Take vodka, my brother.
We’re alone in the green trellised tumbledown.
Built by a disgraced Lieutenant General.
Well, disgraced when we remember him. Best to forget.
He died of soft brain
and will not bother us, and I must tell,
Alyosha, in dreams, I twist my shirt
beneath the willow,
and I am planning, beneath absolutely pathetic limbs,
planning, think:
there is a trunk amid those wisps,
there is death in a shirt.
And need be, suspenders. I wake happy.
I am not afraid, Alyosha, a day like any of my life.

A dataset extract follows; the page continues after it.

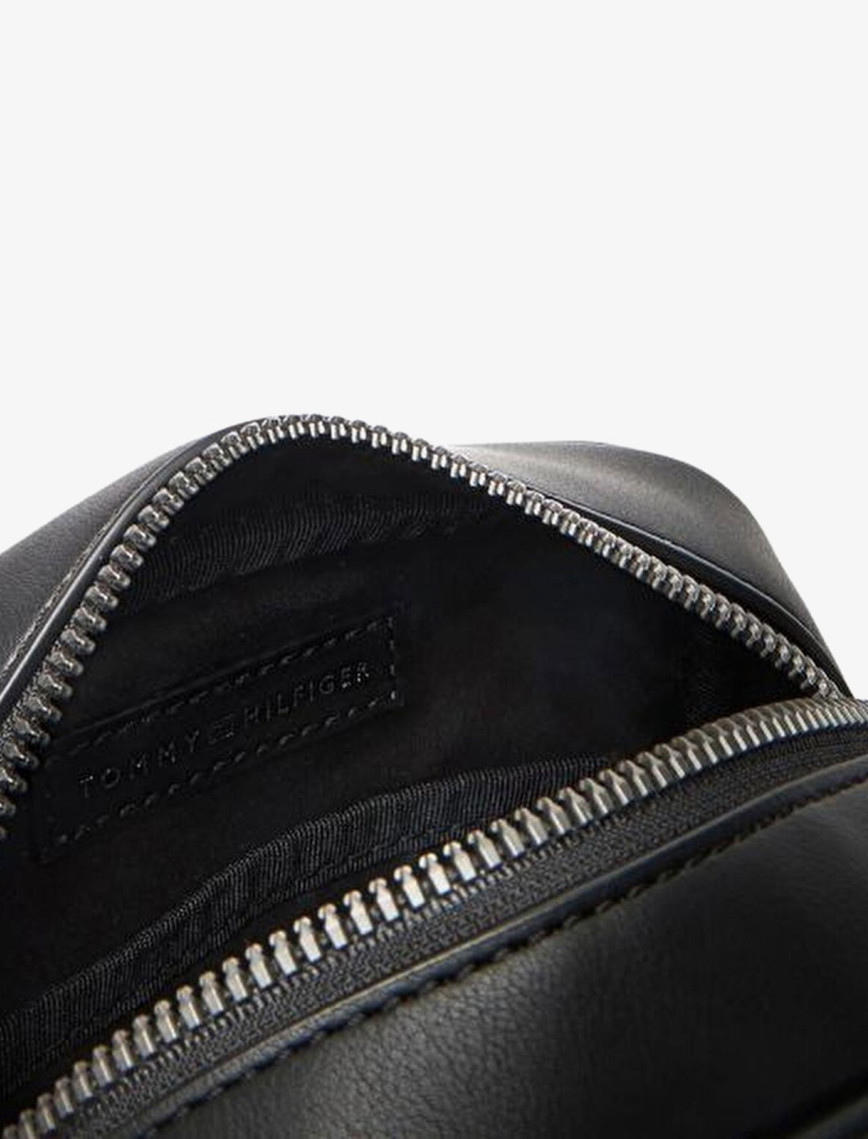 Tommy Hilfiger Monogram Mini Reporter Erkek Siyah Çapraz Çanta Tommy Hilfiger Monogram Mini Reporter Erkek Siyah Çapraz Çanta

But, Mitya, you forget: a day like any, yes,
perhaps, but shorter.
**************************************************
Ritual
I stopped opening the cabinet
when I decided brandy was bad for me.
That was threeish.
Six, Smerdyakov waked me.
I feel robustly thirsty.
In Russia, of course,
if you are the son of Fyodor,
you are Fyodorovich. Is the boy my son?
With Reeking Lizaveta? Who scaled my fence
to bear him and die? Crazy, smocked, there for a dare
Lizaveta? Well then, Fyodorovich. But Reeking,
so: Smerdyakov Fyodorovich.
His soul is stump-legged.
His eyes reflect light
like a dog’s.
Tonight, he will sleep in the house.
Tonight, I want company.
He whimpers like a dog
before his fits.
Perhaps only that’s why I trust him.